Transcriptome analysis of the progressive adaptation of Lactococcus lactis to carbon starvation.

Adaptation of Lactococcus lactis towards progressive carbon starvation is mediated by three different types of transcriptomic responses: (i) global responses, i.e., general decreases of functions linked to bacterial growth and lack of induction of the general stress response; (ii) specific responses functionally related to glucose exhaustion, i.e., underexpression of central metabolism genes, induction of alternative sugar transport and metabolism, and induction of the arginine deiminase pathway; and (iii) other responses never described previously during carbon starvation.

Role of mRNA stability during genome-wide adaptation of Lactococcus lactis to carbon starvation.
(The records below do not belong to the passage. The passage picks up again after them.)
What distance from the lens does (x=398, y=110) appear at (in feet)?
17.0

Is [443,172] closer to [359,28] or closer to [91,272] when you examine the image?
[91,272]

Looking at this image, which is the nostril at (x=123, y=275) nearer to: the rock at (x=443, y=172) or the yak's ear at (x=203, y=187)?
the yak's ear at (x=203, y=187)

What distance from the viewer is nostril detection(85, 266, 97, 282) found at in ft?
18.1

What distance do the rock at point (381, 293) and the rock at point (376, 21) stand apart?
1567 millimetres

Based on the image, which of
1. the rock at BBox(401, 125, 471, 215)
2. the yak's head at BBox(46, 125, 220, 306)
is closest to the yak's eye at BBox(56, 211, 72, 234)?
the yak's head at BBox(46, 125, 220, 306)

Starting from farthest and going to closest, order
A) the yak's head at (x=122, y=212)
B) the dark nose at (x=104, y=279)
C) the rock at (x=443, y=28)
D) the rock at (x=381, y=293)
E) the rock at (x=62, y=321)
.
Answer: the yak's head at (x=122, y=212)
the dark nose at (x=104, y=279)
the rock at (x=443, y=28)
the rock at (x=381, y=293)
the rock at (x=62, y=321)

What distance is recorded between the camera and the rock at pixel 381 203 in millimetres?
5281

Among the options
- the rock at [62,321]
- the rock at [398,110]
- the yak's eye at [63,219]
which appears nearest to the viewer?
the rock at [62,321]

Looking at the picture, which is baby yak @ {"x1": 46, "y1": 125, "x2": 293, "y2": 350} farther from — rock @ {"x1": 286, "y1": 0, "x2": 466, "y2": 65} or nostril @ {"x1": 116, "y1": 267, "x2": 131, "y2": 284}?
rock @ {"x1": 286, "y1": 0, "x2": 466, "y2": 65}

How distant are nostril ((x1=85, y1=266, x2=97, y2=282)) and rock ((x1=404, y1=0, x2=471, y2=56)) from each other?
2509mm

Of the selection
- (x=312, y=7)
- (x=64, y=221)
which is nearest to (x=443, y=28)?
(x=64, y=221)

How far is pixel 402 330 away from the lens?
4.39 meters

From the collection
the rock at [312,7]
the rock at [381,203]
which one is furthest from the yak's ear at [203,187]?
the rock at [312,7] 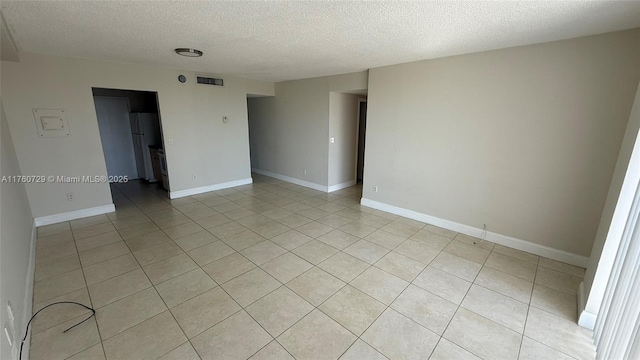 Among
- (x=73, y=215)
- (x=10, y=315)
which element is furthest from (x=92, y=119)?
(x=10, y=315)

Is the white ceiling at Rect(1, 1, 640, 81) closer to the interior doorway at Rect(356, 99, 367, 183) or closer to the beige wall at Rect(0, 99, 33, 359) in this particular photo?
the beige wall at Rect(0, 99, 33, 359)

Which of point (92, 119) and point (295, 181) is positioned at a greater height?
point (92, 119)

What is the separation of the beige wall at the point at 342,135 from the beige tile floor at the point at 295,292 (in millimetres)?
1895

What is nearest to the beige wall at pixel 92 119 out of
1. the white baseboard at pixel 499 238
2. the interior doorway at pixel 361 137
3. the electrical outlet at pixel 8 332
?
the interior doorway at pixel 361 137

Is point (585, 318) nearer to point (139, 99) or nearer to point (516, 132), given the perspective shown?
point (516, 132)

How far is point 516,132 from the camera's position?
2971 mm

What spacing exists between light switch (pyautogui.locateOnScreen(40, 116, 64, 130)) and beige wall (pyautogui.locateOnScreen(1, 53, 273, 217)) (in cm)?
11

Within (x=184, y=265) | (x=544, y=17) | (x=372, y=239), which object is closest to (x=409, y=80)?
(x=544, y=17)

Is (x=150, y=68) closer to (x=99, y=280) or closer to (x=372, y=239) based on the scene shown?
(x=99, y=280)

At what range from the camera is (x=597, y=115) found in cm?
251

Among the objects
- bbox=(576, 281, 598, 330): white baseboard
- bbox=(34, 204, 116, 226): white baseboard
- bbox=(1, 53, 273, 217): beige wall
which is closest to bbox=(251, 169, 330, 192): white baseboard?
bbox=(1, 53, 273, 217): beige wall

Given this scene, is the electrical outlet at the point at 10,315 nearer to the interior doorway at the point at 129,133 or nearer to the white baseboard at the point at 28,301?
the white baseboard at the point at 28,301

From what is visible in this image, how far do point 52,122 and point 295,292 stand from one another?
13.9ft

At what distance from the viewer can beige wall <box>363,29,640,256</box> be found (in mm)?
2500
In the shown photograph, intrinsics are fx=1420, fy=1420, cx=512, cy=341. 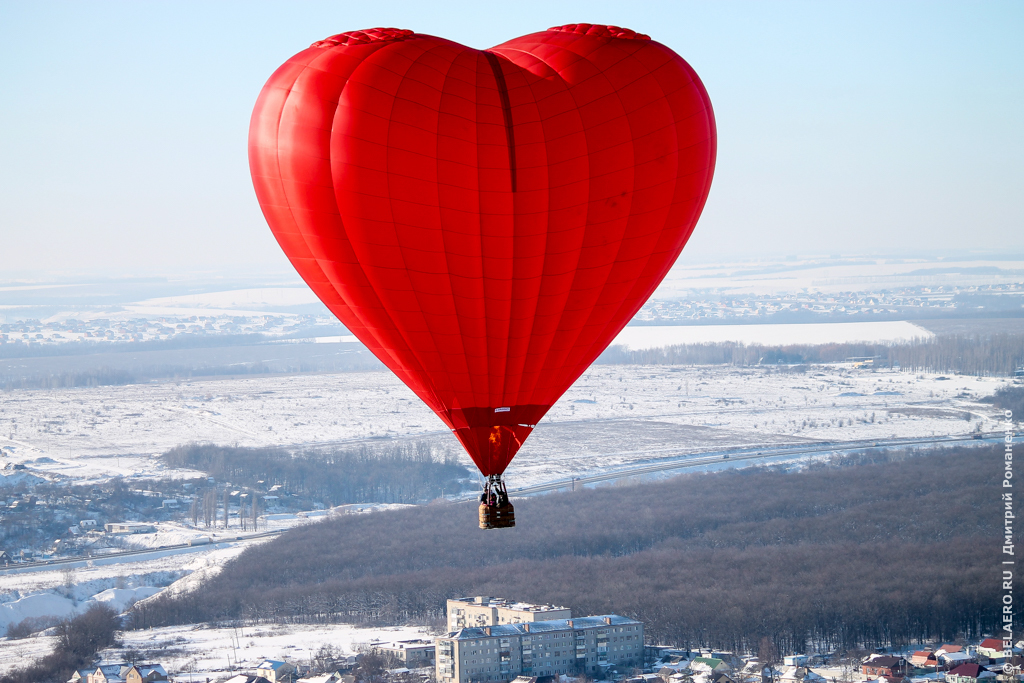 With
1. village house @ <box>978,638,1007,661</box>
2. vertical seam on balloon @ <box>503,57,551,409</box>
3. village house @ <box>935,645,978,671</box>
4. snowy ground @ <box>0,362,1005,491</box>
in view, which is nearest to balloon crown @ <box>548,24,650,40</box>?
vertical seam on balloon @ <box>503,57,551,409</box>

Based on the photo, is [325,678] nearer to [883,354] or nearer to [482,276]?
[482,276]

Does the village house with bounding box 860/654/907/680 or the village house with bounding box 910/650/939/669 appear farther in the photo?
the village house with bounding box 910/650/939/669

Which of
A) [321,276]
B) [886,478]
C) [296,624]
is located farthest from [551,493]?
[321,276]

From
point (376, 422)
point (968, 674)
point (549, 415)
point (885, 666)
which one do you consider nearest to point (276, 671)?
point (885, 666)

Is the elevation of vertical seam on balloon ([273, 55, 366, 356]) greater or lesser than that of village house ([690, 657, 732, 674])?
greater

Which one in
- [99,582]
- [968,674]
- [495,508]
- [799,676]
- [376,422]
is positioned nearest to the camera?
[495,508]

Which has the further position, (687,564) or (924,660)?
(687,564)

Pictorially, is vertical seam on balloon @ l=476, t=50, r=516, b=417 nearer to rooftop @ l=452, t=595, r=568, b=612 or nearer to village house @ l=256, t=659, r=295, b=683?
village house @ l=256, t=659, r=295, b=683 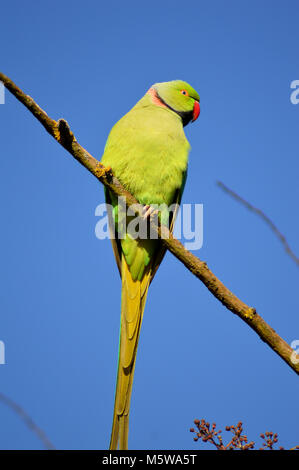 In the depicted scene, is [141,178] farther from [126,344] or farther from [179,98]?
[179,98]

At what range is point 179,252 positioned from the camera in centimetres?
243

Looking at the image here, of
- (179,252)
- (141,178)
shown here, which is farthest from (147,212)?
(179,252)

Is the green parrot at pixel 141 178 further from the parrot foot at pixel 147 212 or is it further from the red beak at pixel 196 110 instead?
the red beak at pixel 196 110

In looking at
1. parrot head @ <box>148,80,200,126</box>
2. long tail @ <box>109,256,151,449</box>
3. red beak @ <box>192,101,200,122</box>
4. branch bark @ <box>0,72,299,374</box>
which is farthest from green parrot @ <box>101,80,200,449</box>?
red beak @ <box>192,101,200,122</box>

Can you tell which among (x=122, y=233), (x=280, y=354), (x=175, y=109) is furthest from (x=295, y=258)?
(x=175, y=109)

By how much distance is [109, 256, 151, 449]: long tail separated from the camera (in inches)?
94.5

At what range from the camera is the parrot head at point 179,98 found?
414 centimetres

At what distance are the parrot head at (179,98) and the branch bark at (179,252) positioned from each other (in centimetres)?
176

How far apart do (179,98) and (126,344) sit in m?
2.54

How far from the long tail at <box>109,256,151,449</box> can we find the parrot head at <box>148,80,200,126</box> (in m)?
1.69

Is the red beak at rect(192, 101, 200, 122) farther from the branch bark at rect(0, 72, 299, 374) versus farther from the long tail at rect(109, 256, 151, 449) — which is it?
the branch bark at rect(0, 72, 299, 374) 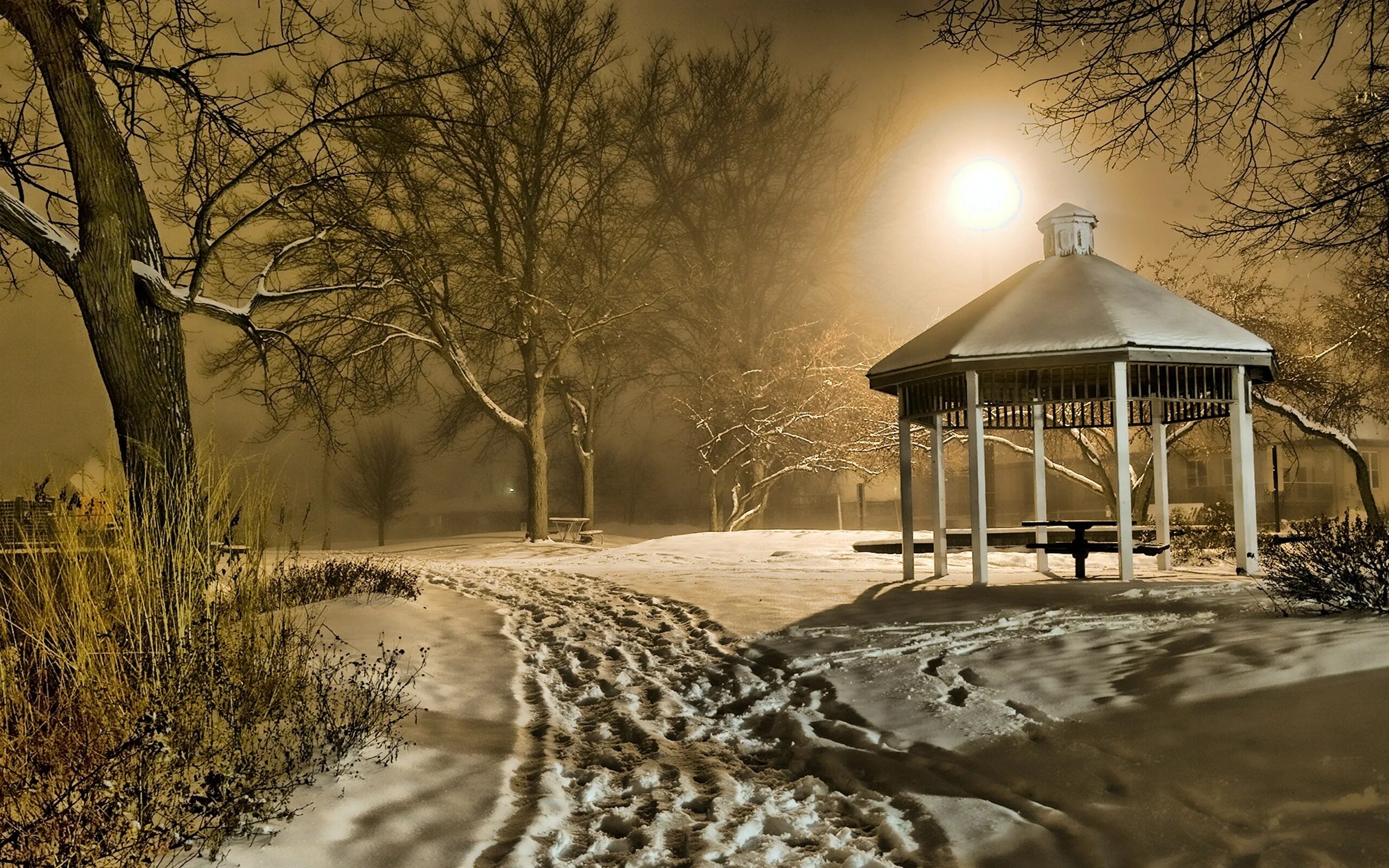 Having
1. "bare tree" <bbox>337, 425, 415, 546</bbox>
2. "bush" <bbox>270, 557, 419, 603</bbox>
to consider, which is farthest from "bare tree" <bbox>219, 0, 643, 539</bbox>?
"bare tree" <bbox>337, 425, 415, 546</bbox>

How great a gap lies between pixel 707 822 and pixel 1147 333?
26.9 feet

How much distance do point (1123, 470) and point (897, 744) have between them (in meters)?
6.35

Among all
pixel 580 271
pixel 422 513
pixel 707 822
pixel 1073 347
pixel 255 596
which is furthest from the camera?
pixel 422 513

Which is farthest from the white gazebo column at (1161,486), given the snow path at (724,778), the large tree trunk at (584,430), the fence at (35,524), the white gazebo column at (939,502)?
the large tree trunk at (584,430)

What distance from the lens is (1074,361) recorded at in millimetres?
10594

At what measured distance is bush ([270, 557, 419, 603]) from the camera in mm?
10133

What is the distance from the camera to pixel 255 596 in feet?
18.0

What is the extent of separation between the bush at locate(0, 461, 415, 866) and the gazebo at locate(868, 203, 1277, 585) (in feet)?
22.5

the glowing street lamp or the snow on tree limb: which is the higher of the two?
the glowing street lamp

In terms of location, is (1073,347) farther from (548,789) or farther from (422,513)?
(422,513)

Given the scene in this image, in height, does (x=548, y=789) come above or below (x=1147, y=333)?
below

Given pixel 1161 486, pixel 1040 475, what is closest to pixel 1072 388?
pixel 1040 475

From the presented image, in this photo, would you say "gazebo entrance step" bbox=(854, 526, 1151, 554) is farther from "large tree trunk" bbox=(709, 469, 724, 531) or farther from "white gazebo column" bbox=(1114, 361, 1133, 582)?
"large tree trunk" bbox=(709, 469, 724, 531)

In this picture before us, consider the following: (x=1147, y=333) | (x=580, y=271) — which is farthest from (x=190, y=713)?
(x=580, y=271) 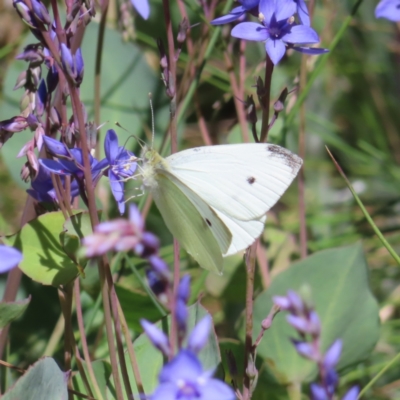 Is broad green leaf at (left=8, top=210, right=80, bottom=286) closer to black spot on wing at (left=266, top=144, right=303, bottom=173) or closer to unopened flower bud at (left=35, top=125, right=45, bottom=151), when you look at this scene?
unopened flower bud at (left=35, top=125, right=45, bottom=151)

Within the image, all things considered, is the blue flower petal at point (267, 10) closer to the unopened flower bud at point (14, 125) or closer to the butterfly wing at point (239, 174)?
the butterfly wing at point (239, 174)

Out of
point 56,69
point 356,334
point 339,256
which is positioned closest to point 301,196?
point 339,256

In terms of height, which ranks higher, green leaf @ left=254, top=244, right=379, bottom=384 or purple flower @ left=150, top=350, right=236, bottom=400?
purple flower @ left=150, top=350, right=236, bottom=400

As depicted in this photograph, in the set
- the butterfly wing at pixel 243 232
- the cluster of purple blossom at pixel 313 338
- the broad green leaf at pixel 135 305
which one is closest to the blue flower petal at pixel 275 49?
the butterfly wing at pixel 243 232

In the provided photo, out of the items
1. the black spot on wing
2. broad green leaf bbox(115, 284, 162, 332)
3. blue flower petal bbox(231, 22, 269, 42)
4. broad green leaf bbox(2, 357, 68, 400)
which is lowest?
broad green leaf bbox(115, 284, 162, 332)

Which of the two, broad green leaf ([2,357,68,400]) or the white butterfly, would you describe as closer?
broad green leaf ([2,357,68,400])

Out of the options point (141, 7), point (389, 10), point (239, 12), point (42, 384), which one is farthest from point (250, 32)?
point (42, 384)

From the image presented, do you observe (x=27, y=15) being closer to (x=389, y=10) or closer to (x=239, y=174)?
(x=239, y=174)

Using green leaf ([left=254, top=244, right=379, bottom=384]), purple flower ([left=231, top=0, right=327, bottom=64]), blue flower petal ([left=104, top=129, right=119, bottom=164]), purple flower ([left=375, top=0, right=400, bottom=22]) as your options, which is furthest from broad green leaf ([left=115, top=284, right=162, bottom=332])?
purple flower ([left=375, top=0, right=400, bottom=22])

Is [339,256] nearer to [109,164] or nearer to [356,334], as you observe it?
[356,334] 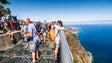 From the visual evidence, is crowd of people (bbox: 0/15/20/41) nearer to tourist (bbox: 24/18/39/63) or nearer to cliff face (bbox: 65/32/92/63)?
tourist (bbox: 24/18/39/63)

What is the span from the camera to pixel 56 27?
29.6ft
The stability of mRNA was investigated for the first time at the genomic scale during carbon starvation adaptation of Lactococcus lactis IL1403. In exponential phase, mRNA half-lives were correlated positively to open reading frame length. A polypurine sequence, AGGAG, was identified as a putative 5'-stabilizer and inverted repeated sequences as a 3'-destabilizer. These original findings suggested that multiple pathways of mRNA degradation should coexist: internal cleavage, endonuclease cleavage initiated at the 5'-end, and exonuclease attack at the 3'-end. During carbon starvation adaptation, mRNA stability globally increased, but specific mechanisms allowing a wide range of stabilization factors between genes and differential kinetic evolution were involved. A formal method allowing the quantification of the relative influences of transcription and degradation on the mRNA pool control was developed and applied in L. lactis. Gene expression was mostly controlled by altered transcription prior to carbon source exhaustion, while the influence of mRNA stability increased during the starvation phase. This study highlighted that stability modulation in response to adverse growth conditions can govern gene regulation to the same extent as transcription in bacteria.